La série, qui met en valeur des pianistes québécois établis ou de la relève, a été fondée l’an passé par Jean-Michel Dubé, un pianiste de la capitale. Elle contribue heureusement à atténuer une certaine rareté en matière de récitals pour piano à Québec.

La salle de l’école, établie dans la chapelle de l’ancienne sacristie de l’église Notre-Dame-de-Jacques-Cartier (l’église au clocher penché!), permet de surcroît d’accueillir une centaine de personnes dans des conditions de visibilité et d’acoustique assez idéales, le tout à prix d’ami.

Ayant apprécié Serhiy Salov en d’autres occasions, nous étions curieux de l’entendre dans ces circonstances. Le pianiste, originaire d’Ukraine, réside à Montréal depuis une vingtaine d’années. Ancien élève de Michel Béroff, il compte parmi ses principaux faits d’armes d’avoir remporté le Concours musical international de Montréal en 2004.

Le  pianiste Serhiy Salov a proposé une conception forte, très personnelle des œuvres de Chopin.

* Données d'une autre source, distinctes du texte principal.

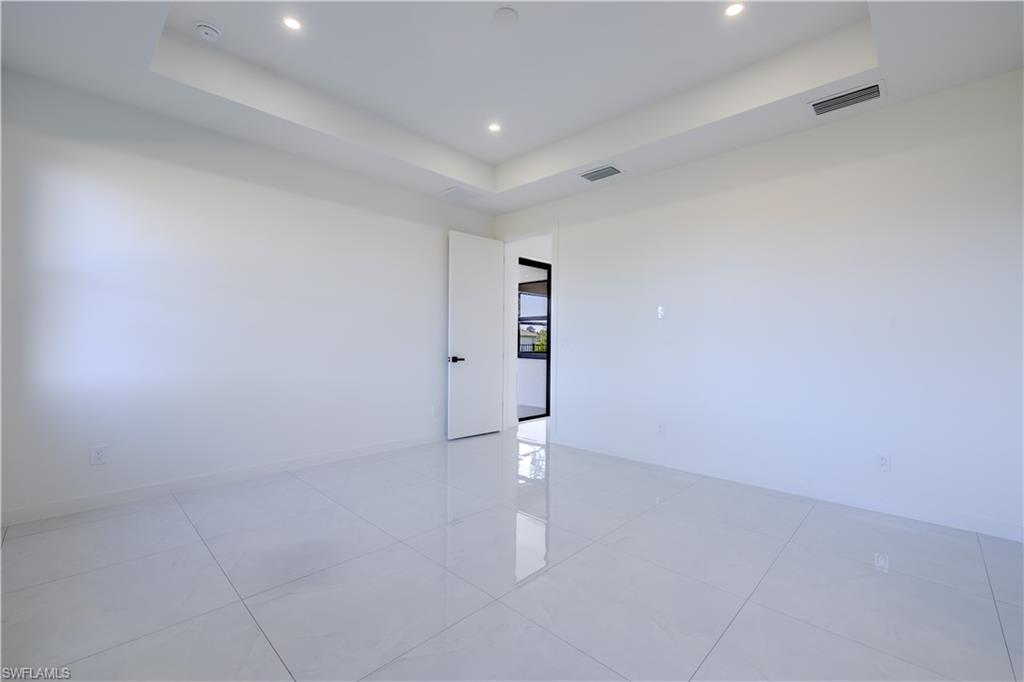 226021227 Property Photo 2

Le pianiste est arrivé à Québec avec un programme musclé : les douze Études, op. 10, et les quatre Ballades de Chopin. Il a choisi de jouer les Études en trois groupes de quatre, ce qui lui a permis de se livrer à quelques explications pendant chaque bloc.

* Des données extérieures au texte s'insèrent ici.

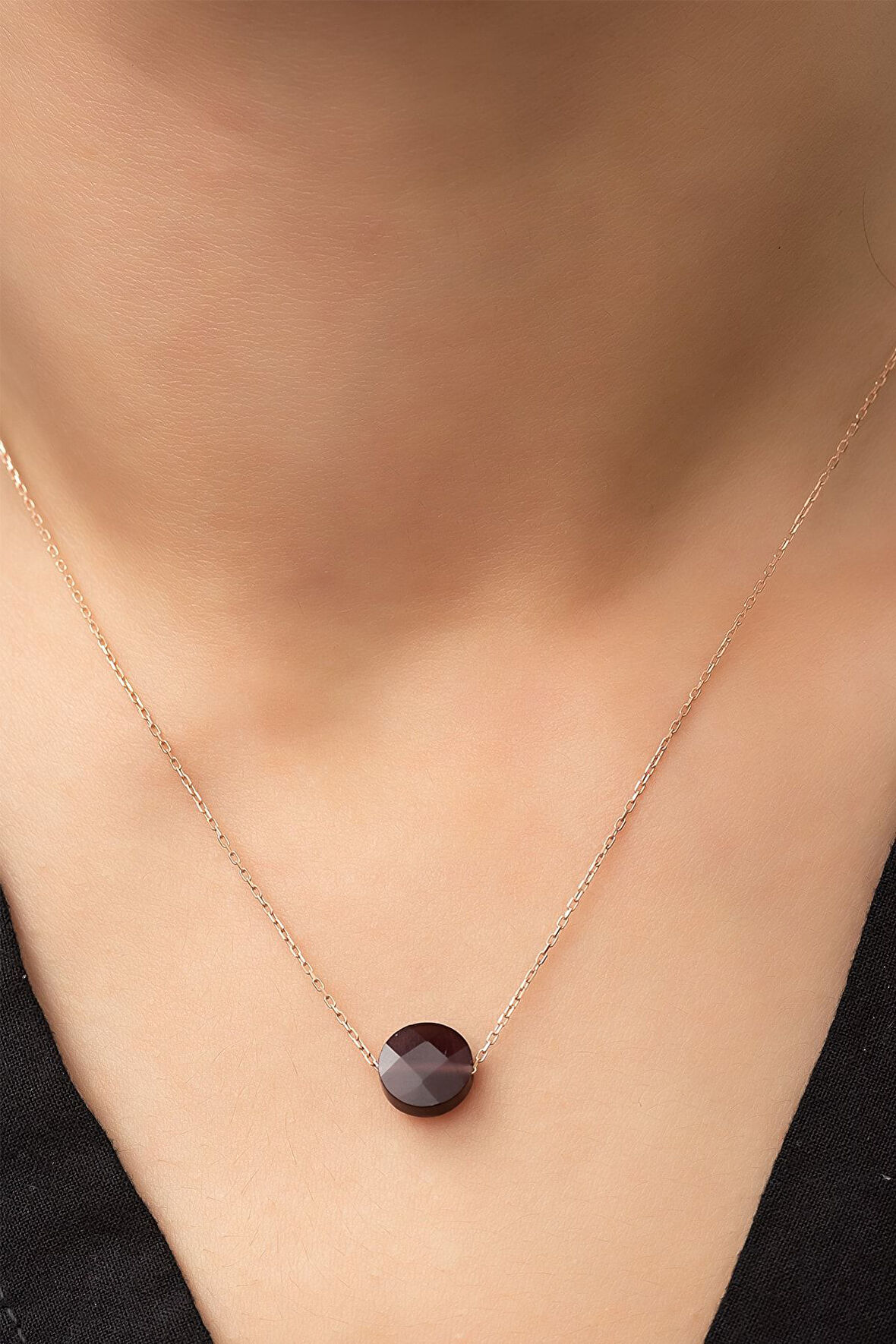 Oval Bordo Fasetli Yüzey ;Taş Kolye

Les deux premières études, particulièrement ardues, ont été prises à une vitesse échevelée, ce qui a nui à la clarté et à l’assise rythmique. Le pianiste a sans doute cherché à suivre les indications métronomiques de Chopin, mais il ne faut peut-être pas les prendre au pied de la lettre et chercher plutôt à établir un climat cohérent. Les deux morceaux ne sont après tout « que » des allegros à 4/4. Au contraire, les études no 7 et no 11, n’était peut-être pas aussi « vivace » que possible.

Il reste que le pianiste nous propose une conception forte, très personnelle de ces œuvres, allant jusqu’à ajouter à l’occasion des ornements de son cru, une pratique inhabituelle dans ce répertoire. Bien qu’improvisateur exceptionnel, Chopin notait très précisément ce qu’il voulait dans ses partitions éditées.

Sinon, l’idée d’enchaîner directement la plupart des études à l’intérieur de chaque bloc est pertinente, étant donné les parentés harmoniques voulues par le compositeur.

La deuxième partie – les Ballades – était encore plus intéressante, même si elles n’ont pas été pensées par Chopin comme un recueil à jouer en entier. Mais cela fonctionne : c’est un peu comme assister à un mini-festival de courts-métrages tous aussi fascinants les uns que les autres.

En bon « réalisateur », Serhiy Salov sait comment ménager tension et détente et peindre des atmosphères. Le piano Boston (une division d’instruments bon marché de Steinway) se plie à ses intentions, malgré des extrêmes-graves quelque peu revêches.

Le rappel donné, la Fantaisie-Impromptu en do dièse mineur, op. 66, était un complément bienvenu au programme.

Le prochain concert des Rendez-vous classiques aura lieu le 25 février avec Isabelle David.